The newspapers have been very full of risque images from the 13th International London Tattoo Convention . It’s a huge event, tattoos cover any number of different body types, body parts and genders and there seems no end to the diversity of imagery or culture. The common factor remains ukiyo-e… particularly the drawing of Hokusai and Kuniyoshi which imbues nearly every subject and genre.
Of course, regular readers will know that it was Hokusai who re-invented the stories of the Water Margin, the great medieval tales of Chinese heroes, holed up in the marshes… (the mythical, liminal spaces between fact and fiction) when he illustrated the translated edition of the novels in the 1810’s.

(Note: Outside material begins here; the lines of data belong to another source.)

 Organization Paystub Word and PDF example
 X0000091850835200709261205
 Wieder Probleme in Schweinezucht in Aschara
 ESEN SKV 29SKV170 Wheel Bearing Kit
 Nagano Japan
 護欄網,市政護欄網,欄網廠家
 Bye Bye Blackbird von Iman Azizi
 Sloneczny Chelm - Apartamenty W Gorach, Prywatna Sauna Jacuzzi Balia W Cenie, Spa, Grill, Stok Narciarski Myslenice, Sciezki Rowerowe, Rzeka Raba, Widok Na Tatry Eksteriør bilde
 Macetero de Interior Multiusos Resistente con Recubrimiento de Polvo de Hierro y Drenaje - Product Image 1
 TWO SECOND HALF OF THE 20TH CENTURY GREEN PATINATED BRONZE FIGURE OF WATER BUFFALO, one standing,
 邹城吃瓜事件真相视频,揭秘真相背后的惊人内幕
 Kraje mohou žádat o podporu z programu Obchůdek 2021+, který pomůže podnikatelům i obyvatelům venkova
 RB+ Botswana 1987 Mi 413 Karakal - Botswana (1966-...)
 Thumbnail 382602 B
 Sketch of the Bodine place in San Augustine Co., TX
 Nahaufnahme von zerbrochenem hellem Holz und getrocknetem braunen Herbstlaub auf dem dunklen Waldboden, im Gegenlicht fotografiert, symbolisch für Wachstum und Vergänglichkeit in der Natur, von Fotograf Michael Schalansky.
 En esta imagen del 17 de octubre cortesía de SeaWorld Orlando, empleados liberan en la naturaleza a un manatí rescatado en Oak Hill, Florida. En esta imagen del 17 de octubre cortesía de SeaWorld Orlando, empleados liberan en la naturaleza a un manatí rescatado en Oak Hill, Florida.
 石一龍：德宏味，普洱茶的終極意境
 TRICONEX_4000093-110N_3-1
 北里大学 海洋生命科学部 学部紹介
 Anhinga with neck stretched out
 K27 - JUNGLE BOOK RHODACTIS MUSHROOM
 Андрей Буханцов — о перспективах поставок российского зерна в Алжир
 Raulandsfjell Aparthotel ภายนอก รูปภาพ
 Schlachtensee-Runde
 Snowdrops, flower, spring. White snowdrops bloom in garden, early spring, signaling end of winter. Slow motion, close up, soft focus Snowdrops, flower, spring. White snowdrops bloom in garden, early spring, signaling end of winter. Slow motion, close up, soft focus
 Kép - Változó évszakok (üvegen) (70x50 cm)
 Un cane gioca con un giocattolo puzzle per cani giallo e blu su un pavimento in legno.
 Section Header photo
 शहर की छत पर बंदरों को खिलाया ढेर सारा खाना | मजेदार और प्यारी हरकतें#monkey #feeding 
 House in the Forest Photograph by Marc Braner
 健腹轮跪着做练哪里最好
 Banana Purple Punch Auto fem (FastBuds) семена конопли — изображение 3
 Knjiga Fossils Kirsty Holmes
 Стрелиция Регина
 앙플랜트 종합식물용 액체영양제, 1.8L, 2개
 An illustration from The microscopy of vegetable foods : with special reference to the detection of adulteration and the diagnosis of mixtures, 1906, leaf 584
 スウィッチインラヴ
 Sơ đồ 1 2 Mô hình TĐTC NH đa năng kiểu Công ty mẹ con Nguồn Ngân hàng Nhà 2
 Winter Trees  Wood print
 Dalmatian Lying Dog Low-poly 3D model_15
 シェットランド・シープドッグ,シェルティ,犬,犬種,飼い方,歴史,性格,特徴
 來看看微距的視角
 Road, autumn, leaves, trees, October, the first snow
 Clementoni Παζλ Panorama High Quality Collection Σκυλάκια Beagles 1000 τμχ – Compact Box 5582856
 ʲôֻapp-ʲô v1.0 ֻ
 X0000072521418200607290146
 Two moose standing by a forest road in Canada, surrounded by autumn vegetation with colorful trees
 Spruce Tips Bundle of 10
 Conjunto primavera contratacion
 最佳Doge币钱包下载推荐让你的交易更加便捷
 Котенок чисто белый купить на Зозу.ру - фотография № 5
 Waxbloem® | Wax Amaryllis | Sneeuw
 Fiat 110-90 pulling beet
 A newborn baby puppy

His illustrations invented the muscle-bound, terrifying warriors, decorated head to toe with writhing tattoos. Hokusai‘s pictures were only small black and white illustrations, nevertheless they inspired Kunisada to make colour prints in the early 1820’s on the same subject and that in turn prompted Kuniyoshi to copy these and enlarge upon them, eventually publishing his own Hokusai and Kunisada inspired series of Suikoden warriors. It is these single sheet full colour, bravura pieces that inspire the drawing and shapes of modern full body or sleeve tattoos.
I expect that this debt to ukiyo-e is well known in the circles of tattoo afficionados and indeed, many of the images at the recent fair were directly taken from well known Kuniyoshi prints. Outside of those circles, I am sure that as in so many areas, the debt that the modern world owes to the design genius of ‘pre-modern’ Japan goes unrecognised.